• WORK INSTRUCTIONS:
The answer must consist only of the lines from the line with "Marble Geometric And" to the line with "Artaza Canvas Schilderij", both included, exactly as they stand below.
--- GIVEN RECORDS ---
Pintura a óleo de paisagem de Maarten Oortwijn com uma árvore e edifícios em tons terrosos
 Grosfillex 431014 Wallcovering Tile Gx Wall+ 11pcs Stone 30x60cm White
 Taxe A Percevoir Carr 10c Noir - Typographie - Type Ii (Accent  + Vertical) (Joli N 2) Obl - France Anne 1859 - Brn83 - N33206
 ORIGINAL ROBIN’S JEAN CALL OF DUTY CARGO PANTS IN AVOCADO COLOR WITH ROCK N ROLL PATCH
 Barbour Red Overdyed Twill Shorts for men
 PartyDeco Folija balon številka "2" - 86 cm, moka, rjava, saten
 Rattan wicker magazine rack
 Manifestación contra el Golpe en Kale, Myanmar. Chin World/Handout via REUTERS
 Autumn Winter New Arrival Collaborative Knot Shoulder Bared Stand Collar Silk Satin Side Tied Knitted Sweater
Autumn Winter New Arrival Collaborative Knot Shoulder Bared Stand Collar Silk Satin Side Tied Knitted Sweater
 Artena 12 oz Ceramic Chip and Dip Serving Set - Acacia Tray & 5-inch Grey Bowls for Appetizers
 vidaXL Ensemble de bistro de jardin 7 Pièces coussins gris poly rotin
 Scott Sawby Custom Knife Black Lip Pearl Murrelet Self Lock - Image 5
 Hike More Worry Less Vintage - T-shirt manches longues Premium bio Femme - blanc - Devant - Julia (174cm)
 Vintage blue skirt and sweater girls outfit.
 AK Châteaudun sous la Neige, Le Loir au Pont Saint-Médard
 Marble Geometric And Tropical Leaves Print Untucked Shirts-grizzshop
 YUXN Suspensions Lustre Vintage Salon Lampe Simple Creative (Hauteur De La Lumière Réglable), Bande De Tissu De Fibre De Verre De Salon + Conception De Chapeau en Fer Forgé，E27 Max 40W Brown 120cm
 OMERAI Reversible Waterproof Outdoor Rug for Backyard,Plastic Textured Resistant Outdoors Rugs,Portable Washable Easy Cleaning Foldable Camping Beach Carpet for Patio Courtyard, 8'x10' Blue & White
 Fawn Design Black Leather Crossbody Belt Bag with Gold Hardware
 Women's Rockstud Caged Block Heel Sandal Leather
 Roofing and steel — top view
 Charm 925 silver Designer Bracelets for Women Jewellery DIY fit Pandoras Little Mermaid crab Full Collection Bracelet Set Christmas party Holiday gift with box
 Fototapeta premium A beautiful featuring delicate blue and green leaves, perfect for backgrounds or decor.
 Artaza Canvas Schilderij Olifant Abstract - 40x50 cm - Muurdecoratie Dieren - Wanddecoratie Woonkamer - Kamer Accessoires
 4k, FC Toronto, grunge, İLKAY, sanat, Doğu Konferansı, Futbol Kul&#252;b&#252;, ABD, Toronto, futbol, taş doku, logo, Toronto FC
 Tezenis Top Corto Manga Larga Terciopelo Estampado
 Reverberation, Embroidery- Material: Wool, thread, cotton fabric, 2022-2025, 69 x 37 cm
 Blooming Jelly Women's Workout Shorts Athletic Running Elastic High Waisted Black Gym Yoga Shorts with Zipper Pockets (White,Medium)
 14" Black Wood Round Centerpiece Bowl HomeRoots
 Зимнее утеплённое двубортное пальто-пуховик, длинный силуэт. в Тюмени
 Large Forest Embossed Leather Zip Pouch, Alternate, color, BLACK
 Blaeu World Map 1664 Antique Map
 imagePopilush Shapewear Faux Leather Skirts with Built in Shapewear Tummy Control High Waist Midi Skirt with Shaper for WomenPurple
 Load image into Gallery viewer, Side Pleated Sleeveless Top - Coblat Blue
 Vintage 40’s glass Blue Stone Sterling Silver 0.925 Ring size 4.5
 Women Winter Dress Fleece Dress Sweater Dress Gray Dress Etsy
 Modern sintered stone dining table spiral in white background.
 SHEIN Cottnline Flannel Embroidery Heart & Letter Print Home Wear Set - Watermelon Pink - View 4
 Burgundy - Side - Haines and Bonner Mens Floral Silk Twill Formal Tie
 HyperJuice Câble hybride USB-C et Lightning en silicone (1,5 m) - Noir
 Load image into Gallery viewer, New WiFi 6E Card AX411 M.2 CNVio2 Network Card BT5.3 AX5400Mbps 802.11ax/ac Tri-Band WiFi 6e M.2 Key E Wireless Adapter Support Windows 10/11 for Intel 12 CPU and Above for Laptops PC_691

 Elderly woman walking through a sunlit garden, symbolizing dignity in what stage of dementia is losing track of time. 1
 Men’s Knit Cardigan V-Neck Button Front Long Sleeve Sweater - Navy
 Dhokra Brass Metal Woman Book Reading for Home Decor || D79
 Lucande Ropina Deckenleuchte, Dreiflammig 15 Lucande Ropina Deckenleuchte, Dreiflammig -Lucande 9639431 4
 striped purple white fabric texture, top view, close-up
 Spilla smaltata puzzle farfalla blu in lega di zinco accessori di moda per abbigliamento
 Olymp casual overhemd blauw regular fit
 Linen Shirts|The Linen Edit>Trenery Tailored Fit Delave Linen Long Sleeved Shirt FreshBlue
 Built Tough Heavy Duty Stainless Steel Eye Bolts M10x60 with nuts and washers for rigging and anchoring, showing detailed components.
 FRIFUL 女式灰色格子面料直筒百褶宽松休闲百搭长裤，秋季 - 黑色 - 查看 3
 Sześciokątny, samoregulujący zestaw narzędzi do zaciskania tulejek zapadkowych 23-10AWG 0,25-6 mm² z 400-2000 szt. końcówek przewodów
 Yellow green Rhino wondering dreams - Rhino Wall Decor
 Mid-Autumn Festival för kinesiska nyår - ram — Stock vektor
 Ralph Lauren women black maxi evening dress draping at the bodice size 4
---
• SOLUTION FOR THIS EXERCISE:
 Marble Geometric And Tropical Leaves Print Untucked Shirts-grizzshop
 YUXN Suspensions Lustre Vintage Salon Lampe Simple Creative (Hauteur De La Lumière Réglable), Bande De Tissu De Fibre De Verre De Salon + Conception De Chapeau en Fer Forgé，E27 Max 40W Brown 120cm
 OMERAI Reversible Waterproof Outdoor Rug for Backyard,Plastic Textured Resistant Outdoors Rugs,Portable Washable Easy Cleaning Foldable Camping Beach Carpet for Patio Courtyard, 8'x10' Blue & White
 Fawn Design Black Leather Crossbody Belt Bag with Gold Hardware
 Women's Rockstud Caged Block Heel Sandal Leather
 Roofing and steel — top view
 Charm 925 silver Designer Bracelets for Women Jewellery DIY fit Pandoras Little Mermaid crab Full Collection Bracelet Set Christmas party Holiday gift with box
 Fototapeta premium A beautiful featuring delicate blue and green leaves, perfect for backgrounds or decor.
 Artaza Canvas Schilderij Olifant Abstract - 40x50 cm - Muurdecoratie Dieren - Wanddecoratie Woonkamer - Kamer Accessoires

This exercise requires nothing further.